The latest two departures from NASA’s astronaut corps are two of the more experienced astronauts that were with the agency.

Brent Ward Jett Jr. grew up with a fascination for airplanes, and his boyhood heroes were the astronauts of Mercury and Gemini and Apollo.

“But I did not have that revelation at that early age that someday I’m going to be an astronaut,” he told a NASA interviewer. “It didn’t seem like it was even a possibility for me.”

Jett received much of his early education in Florida, and after graduation from Northeast High School in Oakland Park in 1976 he went to the University of Florida for a year and then entered the Naval Academy to study aerospace engineering.

“That year in Florida helped me understand what was on the other side,” he said, before entering the “very, very rigid environment” of a naval education.

Jett earned his degree in 1981—graduating first in his 976-strong class—and immediately plunged into flight training. He was designated a Naval Aviator in March 1983 and flew the F-14 Tomcat, deploying to the Mediterranean and Indian Oceans aboard the USS Saratoga. During this period, he served as an airwing-qualified landing signal officer and attended the Navy’s Fighter Weapons School (the famed “Top Gun”). Over the next few years, Jett was selected to attend Test Pilot School and earned a master’s degree in aeronautical engineering from the Naval Postgraduate School. In June 1990—by now a qualified test pilot—he worked as a project test pilot and returned to the operational Navy in September the following year. Within six months, Jett was picked as a member of NASA’s 14th group of astronaut candidates, who dubbed themselves “The Hogs.”

Jett looking pensive inside the cockpit of one of NASA's T-38 jets. Photo Credit: NASA/KSC
Jett looking pensive inside the cockpit of one of NASA’s T-38 jets. Photo Credit: NASA/KSC

Years later, he paid tribute to his military service as having positioned him appropriately for admission into the hallowed ranks of NASA’s astronaut corps. “Somewhat unintentionally,” he told the interviewer, “I ended up doing those things that were necessary to become qualified to apply to become an astronaut. It wasn’t until I was a test pilot that I had a chance to take a trip down here to the Johnson Space Center, visit with the astronauts, and find out what the job really entailed.”

That “job” encompassed four shuttle flights—as pilot on STS-72 and STS-81 in January 1996 and January 1997, and as mission commander on STS-97 and STS-115 in November 2000 and September 2006—and a wide range of managerial responsibilities. He served as NASA’s Director of Operations in Russia in 1997-98 and was three months away from STS-115 when Columbia was destroyed during re-entry in February 2003. Unlike many shuttle crews assembled before the disaster, Jett and his team remained intact and their mission resumed construction of the International Space Station after a four-year hiatus. Jett left the Navy in July 2007, but remained with NASA, serving until 2011 as Director of the Flight Crew Operations Directorate and from 2011 until his retirement in January 2013 as Deputy Manager of the Commercial Crew Program.
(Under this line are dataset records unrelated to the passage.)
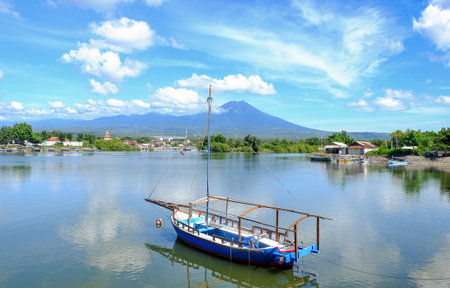 Lake and Boat in Banyuwangi with mountain view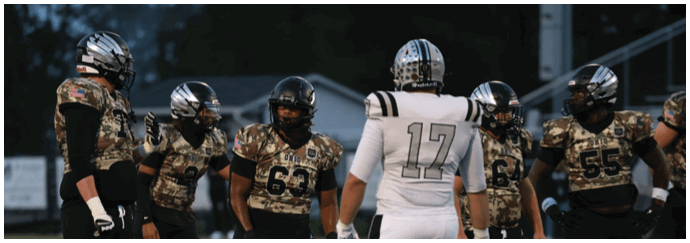 Adults wearing football uniforms in black and white are standing on a field, appearing to prepare for a play during a game. Descripci n generada con IA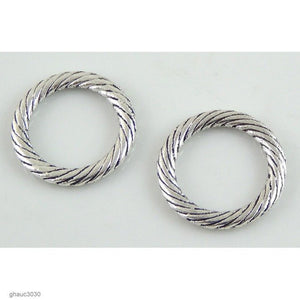 Antique-silver plated zinc alloy link.  Each bead measures 24mm end-to-end.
“Brent was an incredible leader for the Commercial Crew Program, the agency, and the nation,” said Ed Mango, Commercial Crew Program manager. “His efforts helped our country put together a strong foundation in order to build a home-grown capability for human access to low-Earth orbit.”

Like Brent Jett, Clay Anderson grew up with no grand plans of someday becoming an astronaut … unless one should choose to speak to his mother. “She says I was ready to be an astronaut at age four,” he once told a NASA interviewer, “when she dressed me up in tin foil and I got second place in the local parade during July. She said I was robbed: I should’ve gotten first.” Anderson’s earliest recollection of space was watching a black and white television on the night that the Apollo 8 astronauts entered orbit around the Moon in December 1968, just two months shy of his tenth birthday.

Clayton Conrad Anderson was born in Omaha, Neb., on 23 February 1959. He attended high school in his home state and graduated from Hastings College with a degree in physics in 1981. Anderson then enrolled at Iowa State University for his master’s degree in aerospace engineering.

“The main reason I went there,” he said of the move to Iowa, “was they were one of the few schools that offered to pay me to go there. They offered me a teaching assistantship.”

Anderson’s arrival at NASA came about through a certain amount of serendipity and good luck.

Clayton Anderson enjoys a light-hearted moment on board the international Space Station. Photo Credit: NASA
Clayton Anderson enjoys a light-hearted moment on board the International Space Station. Photo Credit: NASA

A man named Maynard Huntley helped Anderson to secure a summer internship at NASA. His formal career with the space agency began in 1983 in JSC’s Mission Planning and Analysis Division, performing rendezvous and proximity operations trajectory designs for early shuttle missions. By 1988, Anderson had joined the Mission Operations Directorate, working on the trajectory design team for the Galileo mission to Jupiter, and after several further flight design posts he was selected as a member of the 17th group of NASA astronauts—nicknamed “The Penguins”—in June 1998.

One of Anderson’s earliest accomplishments was completion of the EVA Skills program, and in his two space missions he would go on to record no fewer than six career EVAs. His first flight was Expedition 15/16 aboard the International Space Station, launching to the outpost aboard STS-117 in June 2007 and returning to Earth aboard STS-120 the following November, after 152 days. His second mission, STS-131, was the next-to-last voyage of Space Shuttle Discovery in April 2010.

“Clay will certainly be missed in the Astronaut Office, especially for his technical expertise. His combination of shuttle, station long duration, and spacewalk experience was extremely valuable to us,” said Bob Behnken, chief of the Astronaut Office. “We wish him continued success in future endeavors, and know he will continue to captivate whenever and wherever he shares his spaceflight experiences.”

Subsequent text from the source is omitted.